Fear is manufactured, anger is amplified, and society is divided into “protectors” and “threats.” In this process, both communities are reduced to instruments in a larger political strategy. The real casualty is not one religion or another, but social harmony, constitutional values, and democratic accountability.

Democracy thrives on questions. It survives when citizens demand answers about governance, economic policy, healthcare systems, education standards, and employment generation. However, when public attention is deliberately redirected toward emotional and identity-driven conflicts, the space for accountability shrinks. Governments face fewer questions, institutions weaken, and public debate loses substance.

Religious polarisation does not emerge in a vacuum. It flourishes when economic distress grows, inequality widens, and governance failures become harder to justify. Instead of addressing these failures directly, emotional narratives are often promoted to distract public attention. As long as citizens remain engaged in conflicts with each other, power structures remain insulated from scrutiny.

The most uncomfortable truth for those in authority is not public anger, but public awareness.

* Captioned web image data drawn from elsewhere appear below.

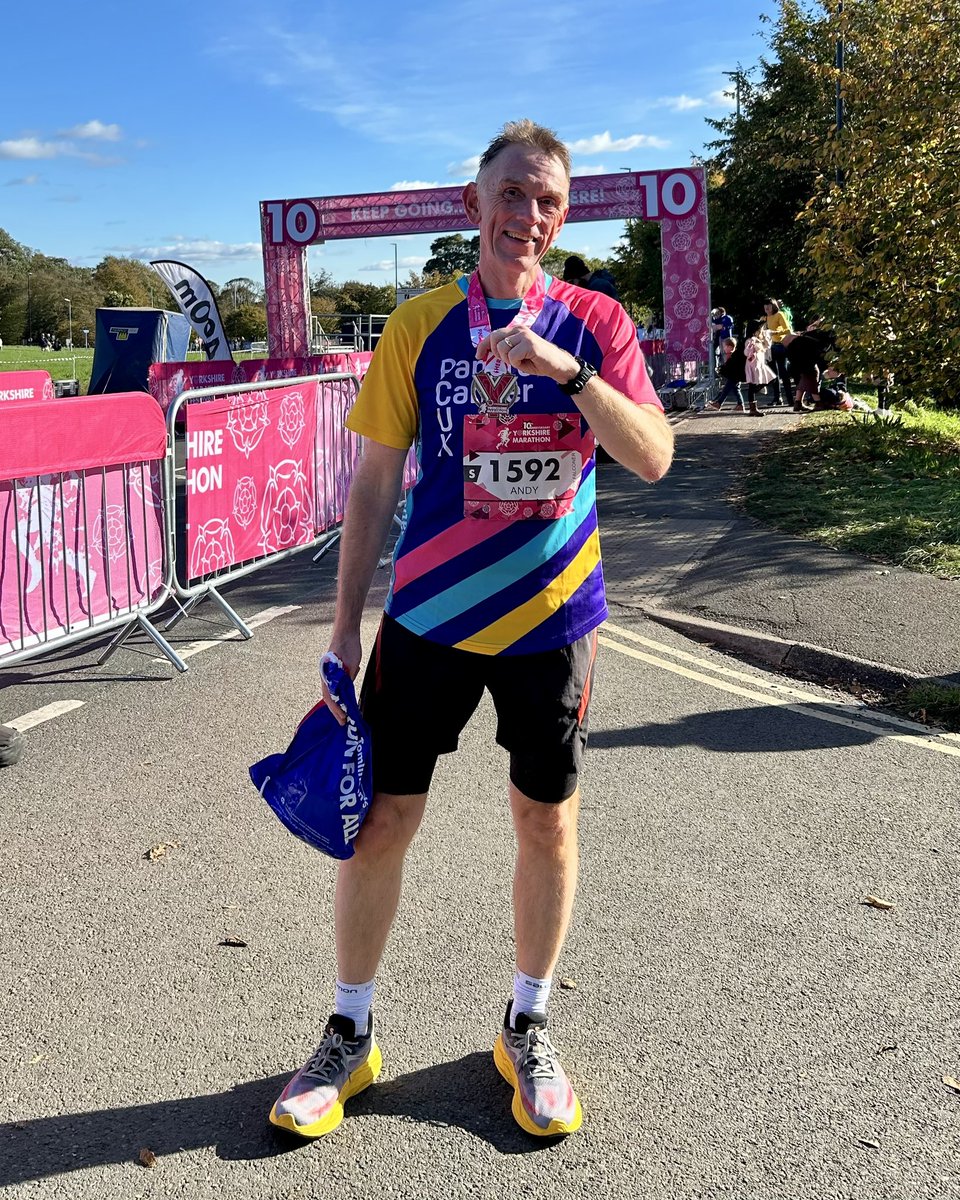 Still time to donate to @PancreaticCanUK - I’ve done my bit, now you do yours! 😉 justgiving.com/fundraising/an… Thank you to everyone who has donated or who came out to support today. Well done @runforall - brilliantly organised as ever 👏 #YorkshireMarathon #YorkshireMarathonFestival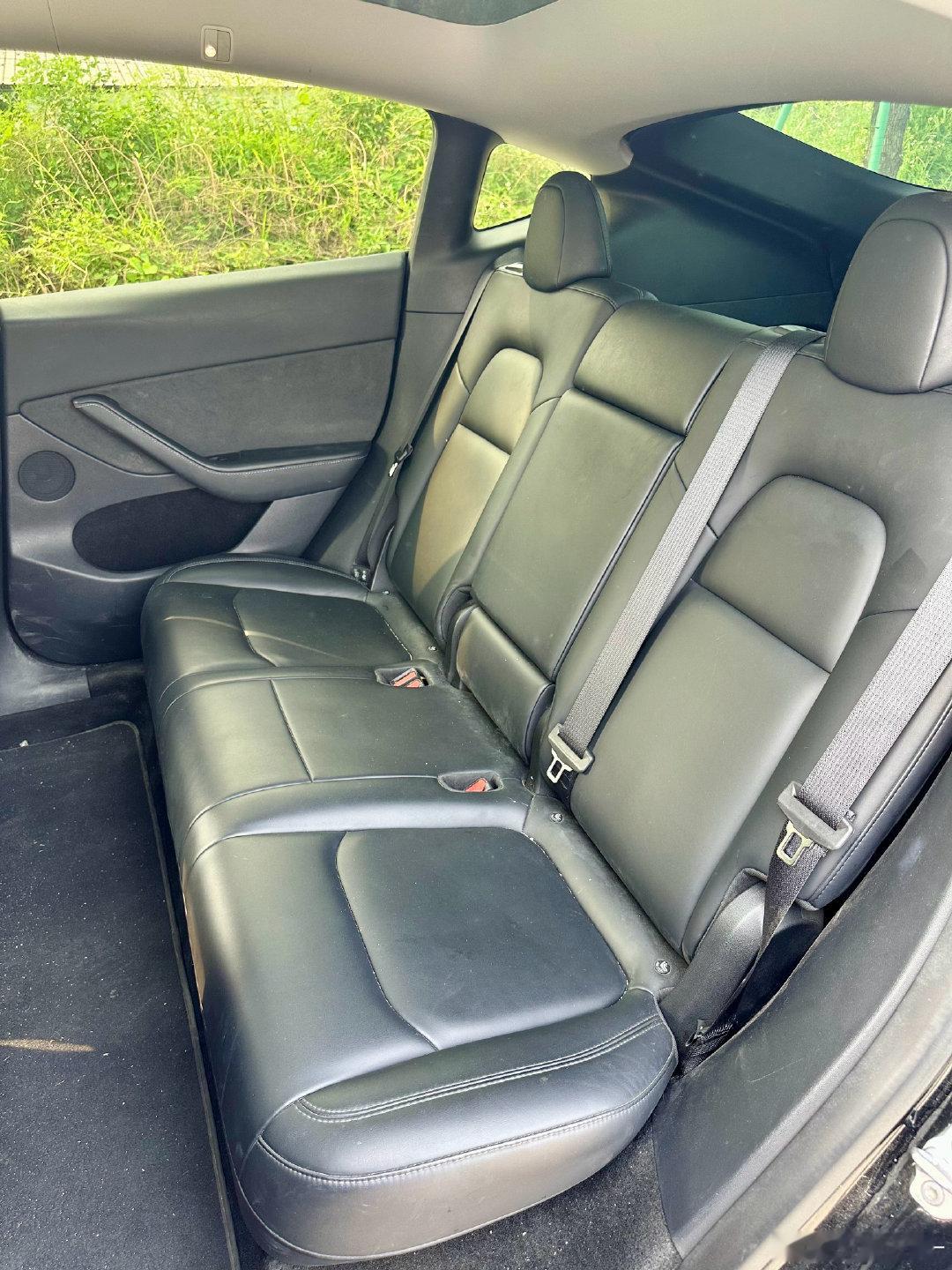 2021款ModelY标准续航后驱版2022年特斯拉ModelY，原钣原漆，一手极品车况，安全行驶仅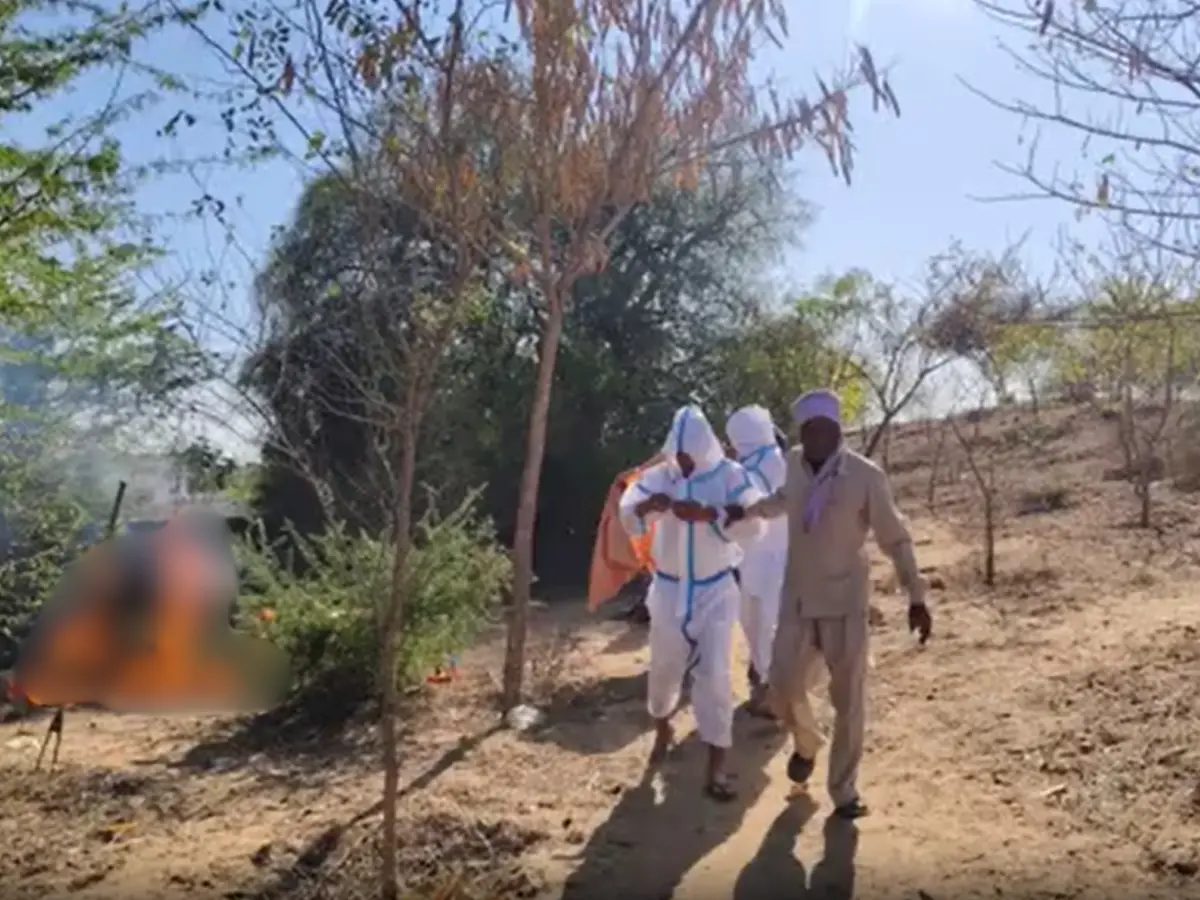 झुंझुनूं में पूर्व सैनिक के अंतिम संस्कार के दौरान मधुमक्खियों का हमला, 40 लोग घायल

A society that rises above religious divisions to demand employment, affordable healthcare, quality education, and personal security poses a real challenge to unaccountable power. That is precisely why such awareness is often discouraged.

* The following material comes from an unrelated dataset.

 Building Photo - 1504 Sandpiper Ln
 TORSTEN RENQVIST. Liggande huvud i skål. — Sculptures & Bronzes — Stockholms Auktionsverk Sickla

This moment demands introspection. Citizens must ask whether those who constantly pit communities against each other truly represent their interests. Any force that fears questions, discourages debate, and thrives on division cannot claim to be working for public welfare.

Democracy is not sustained merely by elections. It depends on informed, questioning, and engaged citizens. Unless India re-centers its public discourse on livelihoods, dignity, equality, and justice, the noise of religious polarisation will continue to drown out the voices that truly matter.

The choice before society is clear: remain divided by identity, or unite around questions that shape real lives. History shows that nations progress not when citizens shout slogans, but when they demand answers.